Bukankah pengalaman itu lebih berharga dari segudang teori_Pepih Nugraha_Pendiri dan Chief Operation Officer Kompasiana_
Mula Tahu Kompasiana.com
Mula tahu saya dengan Kompasiana.com dari seorang abang. Abang ini sering menulis di status facebooknya, blog dan menulis di Kompasiana.com. Beramai-ramai lah kita mendaftar (login) ke Kompasiana.com.
Si abang dengan sabar "mengasuh" selama beberapa hari sampai kita terdaftar jadi kompasianer (istilah yang diberikan kepada orang-orang yang telah terdaftar dan menulis di Kompasiana.com).
Kemudian hari-hari sambil bekerja diisi dengan obrolan tentang apa yang akan ditulis hari ini, esok hari dan esok harinya lagi di Kompasiana.com. Pemula kan semangat 45 membara. Pokoknya "hajar" dengan menulis.
Bagaimana dengan pendapat orang-orang? Biarlah itu jadi urusan orang lain. "Ngurusin" diri badan sendiri saja susah apalagi "ngurusin" badan orang lain. Damai ya, kan nggak sengaja.

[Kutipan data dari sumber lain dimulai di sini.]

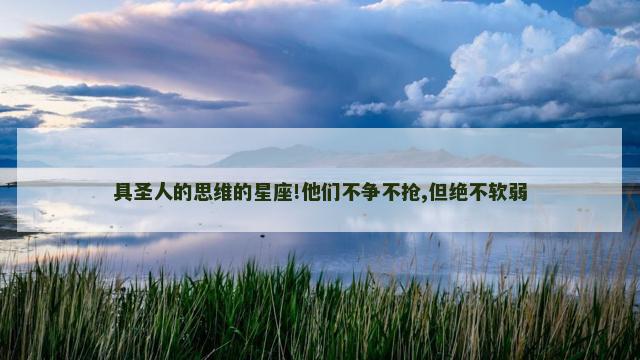 具圣人的思维的星座!他们不争不抢,但绝不软弱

Bertahankah kita yang ramai tadi? Bertahan pelan-pelan ditengah kesibukan kerja. Semangat menulis selalu dipantik dengan saling mengompori sambil canda tawa.

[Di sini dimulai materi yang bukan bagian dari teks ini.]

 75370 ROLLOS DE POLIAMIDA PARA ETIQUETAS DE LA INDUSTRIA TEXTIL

Kini bagaimana? Seiring waktu gairah menulis bangkit kembali --karena si abang tadi yang bersetia menjaga gawang-- dan beberapa orang mulai menemukan kecenderungan dan ciri khas tulisan sesuai kategori di Kompasiana.com.
Ada yang cenderung dan fokus menulis di kategori olahraga (bola) diiringi menulis di kategori humaniora (edukasi).
Ada yang cenderung ke kategori fiksiana (cerpen, novel dan puisi) dan gaya hidup (hobi). Pun coba-coba menulis tentang hiburan (film), politik dan ekonomi.